"Mbak Tri, sehat?"
Ditrisya menepis tangan Dhika yang menyentuh keningnya, mengusirnya pergi dari pada menganggunya. Sulit dipercaya abam kecil itu sedang menunggu hari pernikahan.
Dhika mencibir lalu meninggalkan Ditrisya yang enggan diganggu dari kegiatannya memandangi Ahyar dari tempat duduknya di meja makan. Tampak Dhika ikut bergangung dengan Ahyar dan Ibu di dapur, dia mendekati Ahyar dan membisikkan sesuatu di telinga Ahyar. Lalu kedua lelaki itu menoleh sekilas ke arahnya sambil tertawa. Ditrisya menegakkan badan dengan kening mengkerut curiga. Jangan-jangan Dhika memberitahu hal buruk tentangnya.
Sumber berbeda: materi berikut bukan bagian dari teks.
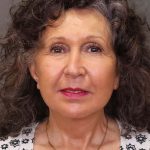 Facelift Before & After Patient #3225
Keduanya kemudian bercanda, karakter mereka yang memang mudah akrab dengan orang membuat mereka terlihat seperti teman main, sampai-sampai Ibu menegur mereka agar tidak main-main di tempat berkumpulnya pisau, api, dan minyak panas.
Semalam, setelah melewati malam penuh debar, Ahyar pulang menggunakan motor Ditrisya. Pagi hari Ditrisya naik ojek online ke tempat kerja, dan sore ini Ahyar yang menjemputnya. Mereka langsung ke rumah orangtua Ditrisya, setelah mampir ke pasar untuk membeli bumbu-bumbu dapur seperti yang Ibu pesankan melalui telepon. Meski seorang keturunan Jawa asli, Ibu bisa memasak rendang khas Padang diajari tetangga mereka dulu. Jika hanya mengandalkan resep dan video turorial, entah kapan Ahyar berhasil membuat sendiri rendangnya. Meski menolak lantaran malu pada awalnya, Ditrisya berhasil meyakinkan Ahyar pada akhirnya.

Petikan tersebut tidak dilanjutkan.